Supplied material:
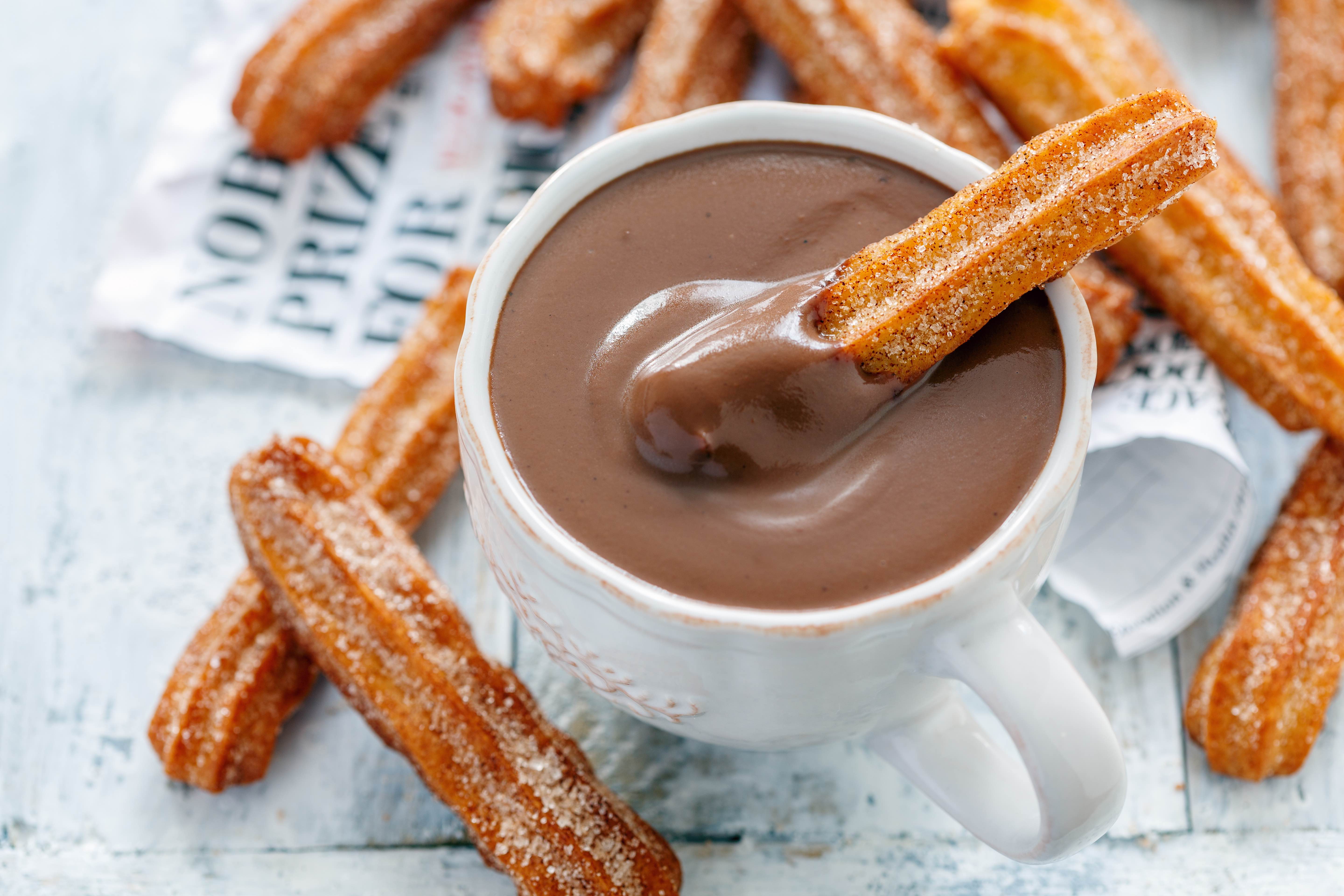 Churros with Mexican Chocolate Sauce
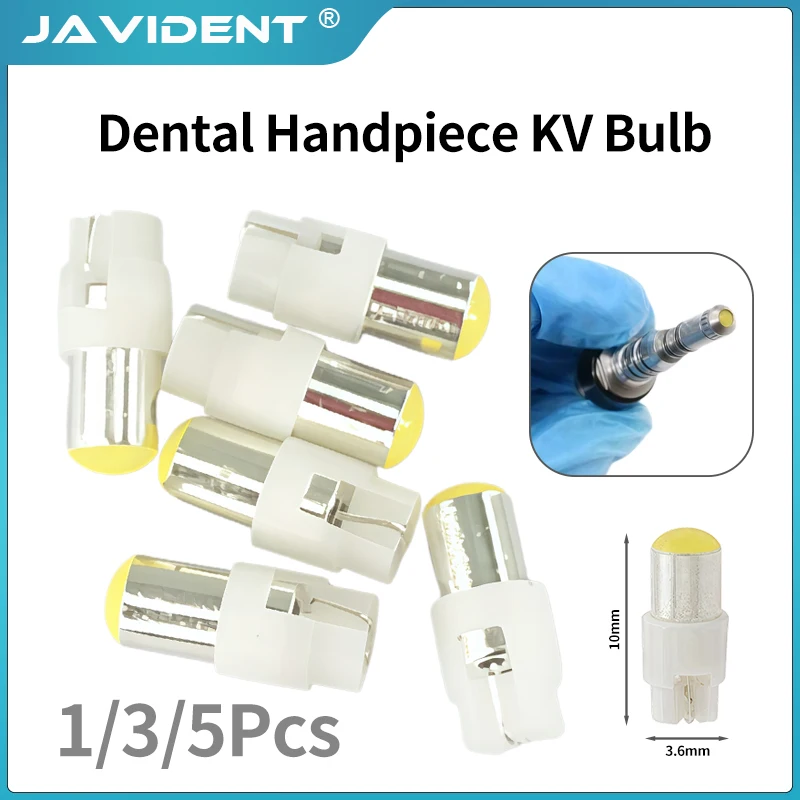 JAVIDENT 1/3/5Pcs Dental LED Light Bulb Replacement For Kavo NSK Sirona Coupler high speed fiber optic Handpiece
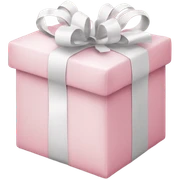 Light pink Christmas gifts under a white Christmas tree  sticker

What to do:
Repeat the listing above exactly, with no pictures.

Written answer:
 Churros with Mexican Chocolate Sauce
 JAVIDENT 1/3/5Pcs Dental LED Light Bulb Replacement For Kavo NSK Sirona Coupler high speed fiber optic Handpiece
 Light pink Christmas gifts under a white Christmas tree  sticker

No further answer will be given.